Prior to finding reduless, I was a big fan of copper sulfate. I was always careful to do bench trials so that I did not over-dose the wine. 

With Ruduless I have had amazing results. No real bench trials are needed since it is a much safer product then copper sulfate. 

I would highly recomend that you do a search on reduless. The claims made about the product have proven to be true.


----------



## Runningwolf (Aug 5, 2012)

derick21 said:


> Is stirring your wine with copper pipe really safe? Was it approve by the professionals. I think we should just go for the safer products like what JohnT said.
> ______________________________________
> plumbing


 
Sure it is, if you sanitize it first. Unfortunately being a spammer is not, and you're out of here!


----------



## MalvinaScordaad (Aug 5, 2012)

Dealing with H2S issues require a strategy. Simply the first early on thing to do buid a good yeast culture before pitching, during fermentation is to add yeast nutrients, After pressing Splash Racking a few times, if this fails then a Reduless addition and a 72 hour racking. For real problems and if not dealt with until later a dose of Ascorbic Acid followed 24 hours later with Reduless, If this fails then an addition of CuSo2 as a last resort. Using copper can work sometimes but the copper must be perfectly free of all oxidation or you are wasting your time. Copper oxidizes in minutes on the surface. There is little danger of stirring your wine with copper but copper can cause a haze. So in a White it could be a detraction that would need to be corrected as well. 
Malvina


----------



## Arne (Aug 5, 2012)

Runningwolf said:


> Sure it is, if you sanitize it first.
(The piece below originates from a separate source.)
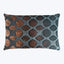 Mod Fretwork Velvet Lumbar Pillow, Gunmetal Default Title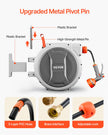 VEVOR Retractable Garden Hose Reel, 1/2 Inch x 84 ft Wall Mounted Hose Reel, Heavy Duty Garden Hose Reel with 9 Patterns Nozzle, Any Length Lock, Upgraded Slow Return System and 180°Swivel Bracket 🍁 All In One Marketplace Canada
Unfortunately being a spammer is not, and you're out of here!


 
Thanks Dan, we do appreciate you folks watchin out for us. Arne.


----------



## g8keeper (Aug 6, 2012)

Runningwolf said:


> Sure it is, if you sanitize it first. Unfortunately being a spammer is not, and you're out of here!


 
well i guess that explains why a 6 month old thread was resurrected by you, dan...lol....it didn't make sense until i read the spammer part, so apparently there was a deleted post prior to your response....lol..at first i thought you were losing it, dan....roflmao...


----------